Де Голль считал, что медлить с проведением в жизнь его новых идей недопустимо, ибо он с каждым днем все больше убеждался в близости войны. И он энергично берется за разработку своих замыслов. Понимая, что предлагать их в рамках военной иерархии было бы наивно, он решил открыто выступить перед общественностью. В своих «Военных мемуарах» он пишет: «В январе 1933 года Гитлер стал полновластным хозяином Германии. С этого момента события неизбежно должны были развиваться в стремительном темпе. Так как не нашлось никого, кто бы предложил чтолибо, отвечающее сложившейся обстановке, то я счел своим долгом обратиться к общественному мнению и изложить свой собственный план. Но поскольку это могло повлечь за собой определенные последствия, надо было ожидать, что наступит день, когда на меня будет обращено внимание общественного мнения. Не без колебаний я решил выступить после двадцати пяти лет подчинения официальной военной доктрине».

Заметим, что это «подчинение» он уже давно переносил скрепя сердце. Ну, а его «колебания» были очень недолгими. Ведь он питал надежду, что на него, наконец, будет «обращено внимание»…

Танки

Шарль де Голль вступает в свое первое настоящее сражение. Некоторые участники встреч в кафе «Дюмениль» предупреждают, что он должен выбирать между карьерой и своей «миссией». «Коннетабль» предпочел быть человеком идей, а не золотых галунов. Не колеблясь, в одиночку он повел наступление. Его противники – Гитлер и… французский Генеральный штаб!

Де Голль садится за новую книгу, в которой он намерен изложить свой план и свои идеи. Но время не ждет, и он сначала публикует 10 мая 1933 года статью, причем на этот раз не в военном официальном журнале, а в «Ревю политик э парлемантэр».

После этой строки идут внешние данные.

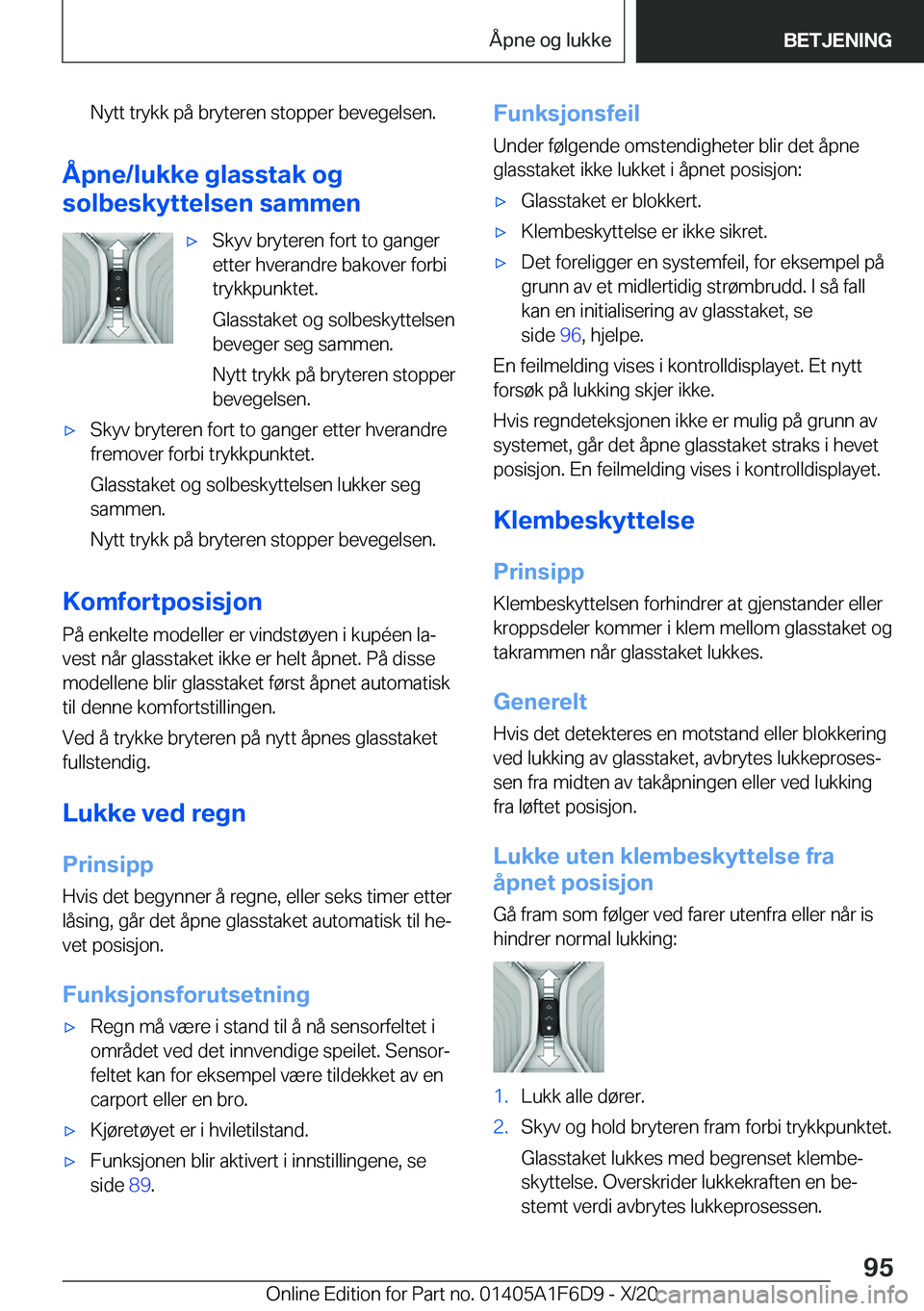 BMW X4 2021  InstruksjonsbØker (in Norwegian) �N�y�t�t��t�r�y�k�k��p�å��b�r�y�t�e�r�e�n��s�t�o�p�p�e�r��b�e�v�e�g�e�l�s�e�n�.
�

Жизнь развивается стремительно, пишет он, сейчас преступно растрачивать время на пребывание людей в казармах. Современная техника возвращает качеству прежнее превосходство над количеством. Отныне и на земле, так же как на море и в воздухе, отборный персонал, извлекающий из могучего оружия максимум возможного, может уже в самом начале войны добиться превосходства над врагом. Он подчеркивает, что выделение лучших, ударных войск – давняя традиция французской армии со времен великого короля ФилиппаАвгуста. Суть своего замысла де Голль выражает словами поэта Поля Валери: «Специально отобранные люди, действуя группами в неожиданном месте в неожиданный момент, в кратчайший срок произведут сокрушающий эффект».

Де Голль заканчивает такими словами: «Прогресс и традиция требуют от Франции ради общего блага воссоздать элиту. Подобное усилие обойдется, конечно, не дешево, ибо этот корпус должен всегда отвечать требованиям изменений в технике. Однако его обновленная мощь, его юный престиж щедро компенсируют затраты. Ведь столетнему дереву терпкий сок несет не только обещания, но и тревогу. Увы, разве можно достичь обновления без самоотречения? В бессмертной музыке Грига мы слышим глухую меланхолию, прорывающуюся в фанфарах радости чудесного весеннего пения».